And so in some places, Beam and SPARC are competitors. In other places, you could actually use Beam on top of SPARC. And so they can be complementary. And it's really confusing, if you're not from an open-source background, to think of this mixture of competing and cooperating at the same time. But I think it's a really good model.

MARK: Are there particular cases where you would use, say, one or the other, or together, or--

HOLDEN: The cases where you would use Beam is probably more around streaming. Historically, SPARC Streaming has had maybe not as great support as in Beam, although SPARC Streaming is, of course, also improving. One of the things which continues to happen in these places is, you know, we'll do something cool, someone else will do something cool.

Sometimes it will actually be the same developer in two different projects. There's pieces of code that I've written which are not the same code, but accomplish the same task in both SPARC and Beam. Anyways, back to Beam, more likely to use it if you're interested in portability between Google Cloud and an On-Prem solution, or other things like that.

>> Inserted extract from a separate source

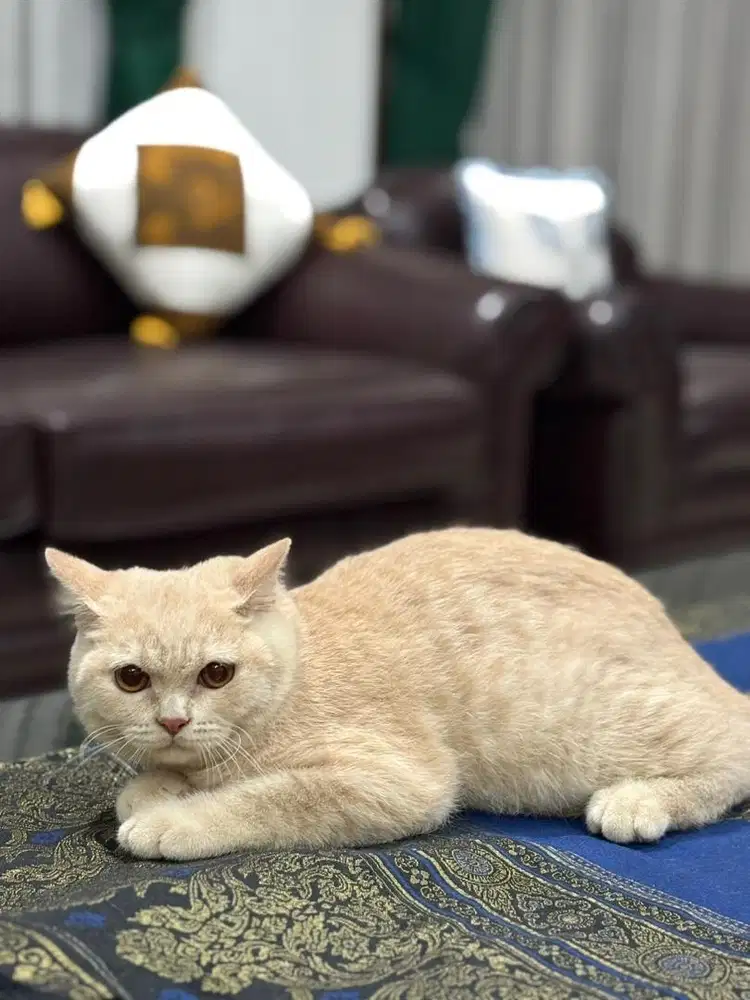 Kucing british short hair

SPARC, though, for example, has much more options in terms of machine learning. Beam takes, from a programmatic standpoint-- Beam SDK is very much focused around sort of whole program optimization. And it's really cool, and you can do a bunch of interesting things as a result. But because of the way it was initially built, it's kind of difficult to do iterative algorithms, like Gradient Descent, which are really common in machine learning. And so, SPARC has a more full featured set of machine learning tools that are available for it, right now, although of course, you know, Beam is looking at what it can do to improve its machine learning options. And none of these things really will remain static.

MELANIE: So you've talked about how they're both open-source. We also have them at GCP. And so how does that work? They're manage versions of these products--

HOLDEN: Indeed.

MELANIE: --and if so, what are they?

HOLDEN: Glorious Employer provides excellent managed solutions.

[LAUGHTER]

MELANIE: I wasn't teeing that one up at all for that one, yeah.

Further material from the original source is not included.